En 1969 est créé un fichier informatique de la police judiciaire française que l’on appelle le Fichier des personnes recherchées (FPR). Il est sous la responsabilité du ministère de l’Intérieur et comprend plus de 400 000 noms. Depuis la convention de Schengen en 1995, ce fichage est européen.
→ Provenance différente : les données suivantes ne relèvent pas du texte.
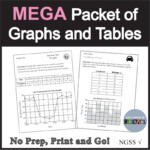 5th Grade Science 4th Grade Science Test Prep Data Tables And Graphing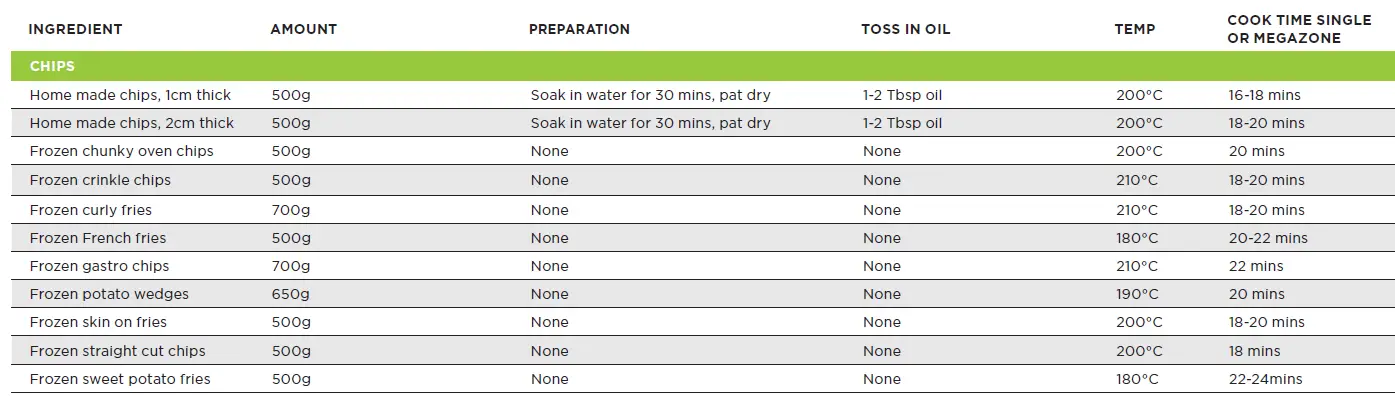 NINJA-Foodi-AF500UK-Flexdrawer-Air-Fryer-34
Bien sûr, ces milliers de personnes n’apparaissent pas toutes dans ce fichier pour terrorisme, loin de là. En réalité, le FPR est organisé en 21 sous-fichiers classés par motif de recherche, et auxquels ont été attribuées des lettres pour les identifier. Le fichier S correspond ainsi aux personnes recherchées pour « sûreté de l’Etat ». Voici, selon la CNIL, quelques exemples de ces sous-fichiers :
-« E » : Police générale des étrangers
-« IT » : Interdiction du territoire
-« R » : Opposition à résidence en France
-« TE » : Opposition à l’entrée en France
-« M » : Mineurs fugueurs
-« V » : Evadés
-« S » : Sûreté de l’Etat
-« PJ » : Recherches de police judiciaire
-« T » : Débiteurs envers le Trésor
Combien de personnes sont concernées ?
Le sous-fichier S recensait 5 000 personnes en 2012 selon Sud Ouest. Aujourd’hui, il en compterait près de 10 000 selon Jean-Jacques Urvoas, président de la commission des lois de l’Assemblée nationale, et jusqu’à 20 000 selon Le Parisien. Le ministère de l’Intérieur ne souhaite pas divulguer ces chiffres, même si Manuel Valls a parlé ce matin sur RTL de « 10 500 fiches S ».
Manuel Valls sur RTL : « Les fiches S sont… par rtl-fr
Pour quelles raisons ouvre-t-on une fiche S ?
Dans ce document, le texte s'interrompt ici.